→ Assignment
All of the entries, apart from their pictures, are to be copied verbatim.

→ Captioned web image data
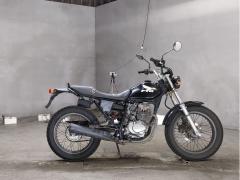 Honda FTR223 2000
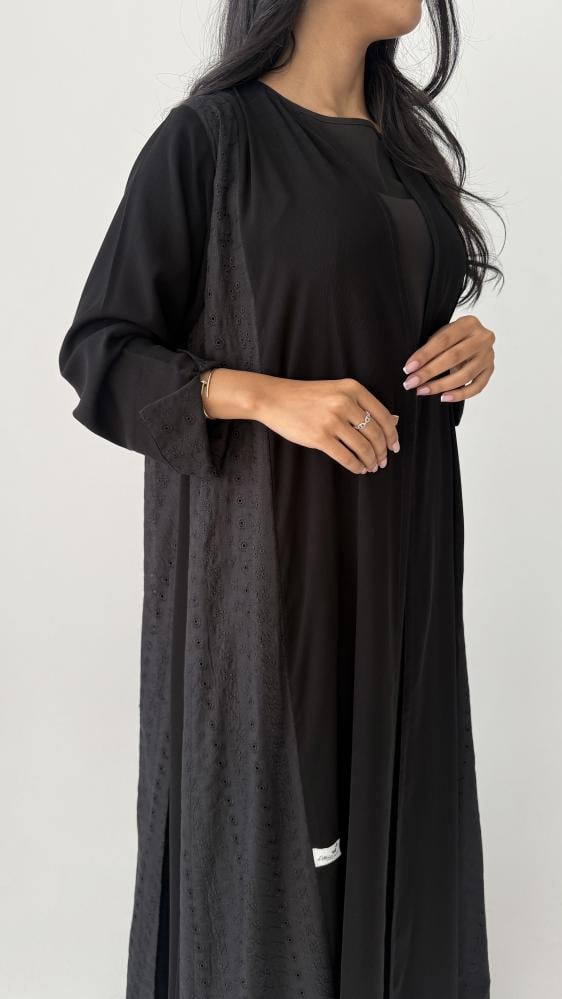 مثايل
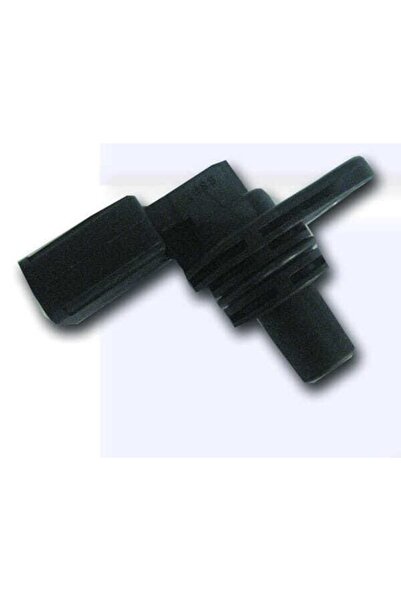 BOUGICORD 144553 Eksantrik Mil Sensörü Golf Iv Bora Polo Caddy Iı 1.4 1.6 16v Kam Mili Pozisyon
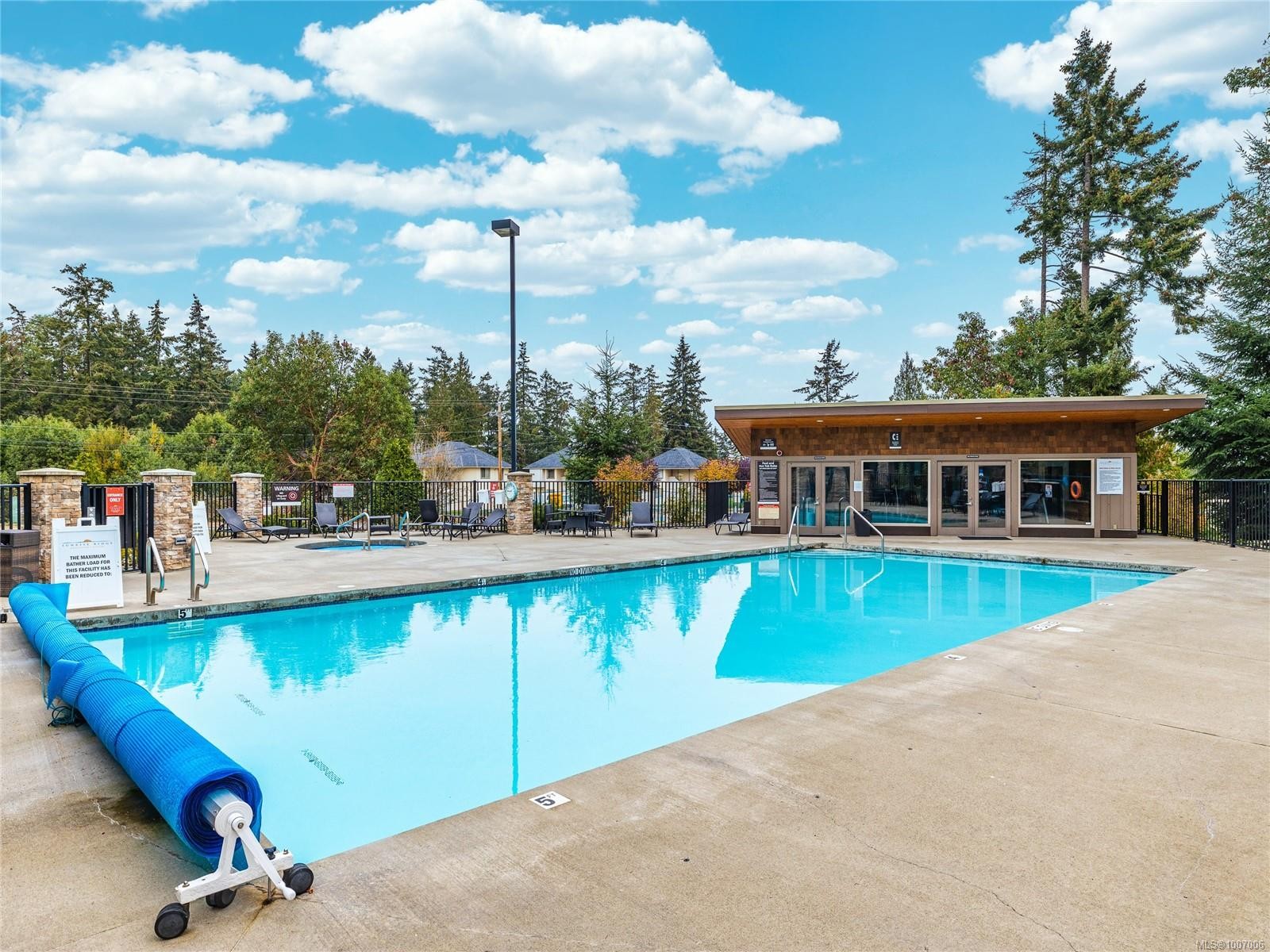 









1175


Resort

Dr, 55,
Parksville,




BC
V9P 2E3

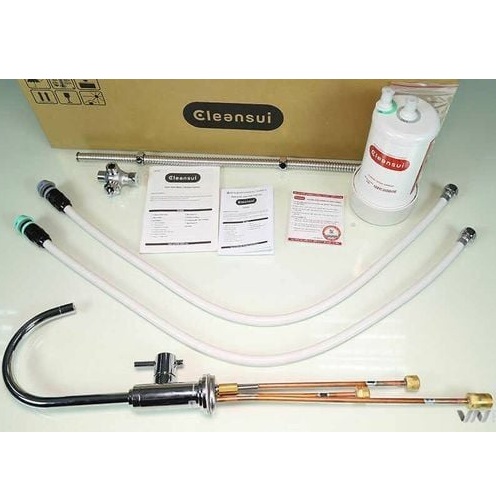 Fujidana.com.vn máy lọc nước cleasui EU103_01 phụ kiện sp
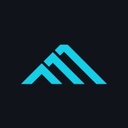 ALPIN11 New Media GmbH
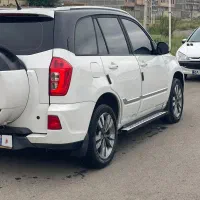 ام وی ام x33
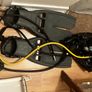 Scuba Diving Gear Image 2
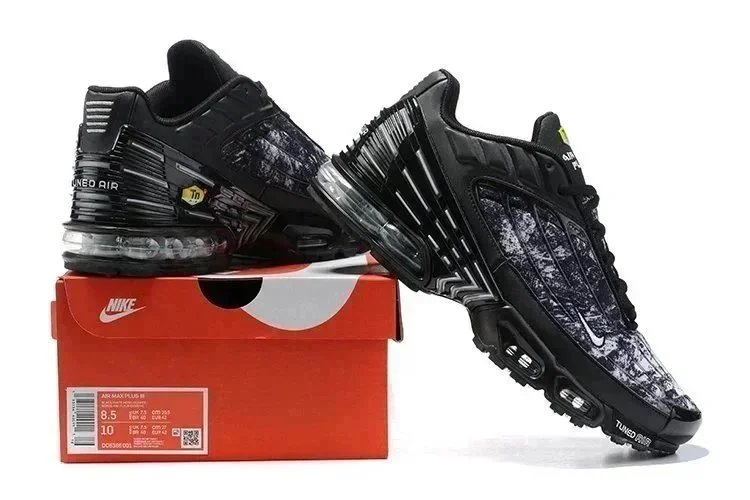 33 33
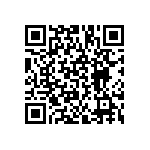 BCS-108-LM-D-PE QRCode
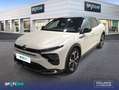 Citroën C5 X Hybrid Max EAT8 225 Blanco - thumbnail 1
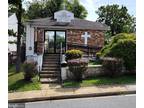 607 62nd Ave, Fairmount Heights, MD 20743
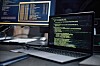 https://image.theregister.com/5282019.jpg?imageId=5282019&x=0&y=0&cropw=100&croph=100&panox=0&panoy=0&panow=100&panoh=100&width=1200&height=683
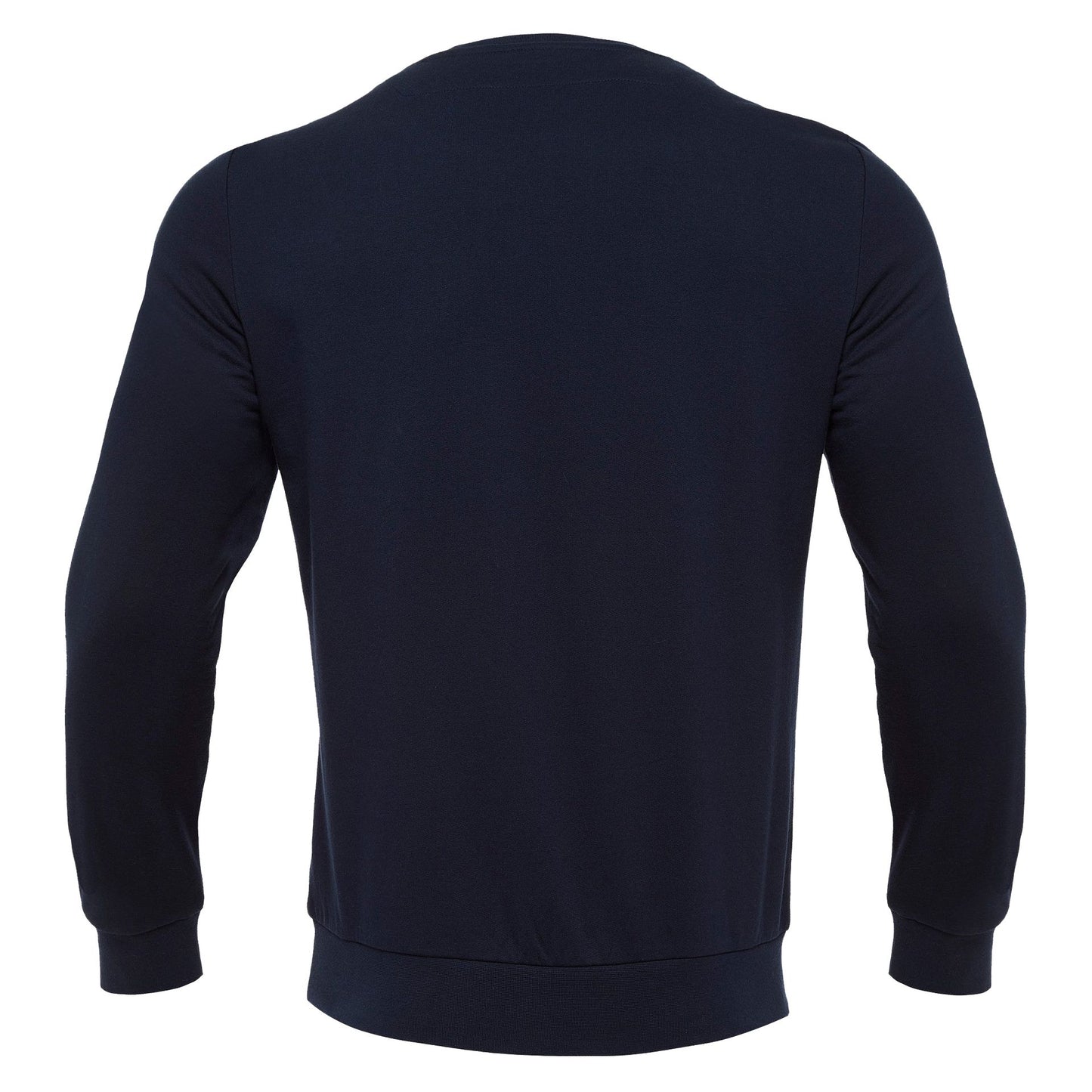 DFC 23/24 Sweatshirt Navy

→ Result of this task
 Honda FTR223 2000
 مثايل
 BOUGICORD 144553 Eksantrik Mil Sensörü Golf Iv Bora Polo Caddy Iı 1.4 1.6 16v Kam Mili Pozisyon









1175


Resort

Dr, 55,
Parksville,




BC
V9P 2E3

 Fujidana.com.vn máy lọc nước cleasui EU103_01 phụ kiện sp
 ALPIN11 New Media GmbH
 ام وی ام x33
 Scuba Diving Gear Image 2
 33 33
 BCS-108-LM-D-PE QRCode
 Citroën C5 X Hybrid Max EAT8 225 Blanco - thumbnail 1
 607 62nd Ave, Fairmount Heights, MD 20743
 https://image.theregister.com/5282019.jpg?imageId=5282019&x=0&y=0&cropw=100&croph=100&panox=0&panoy=0&panow=100&panoh=100&width=1200&height=683
 DFC 23/24 Sweatshirt Navy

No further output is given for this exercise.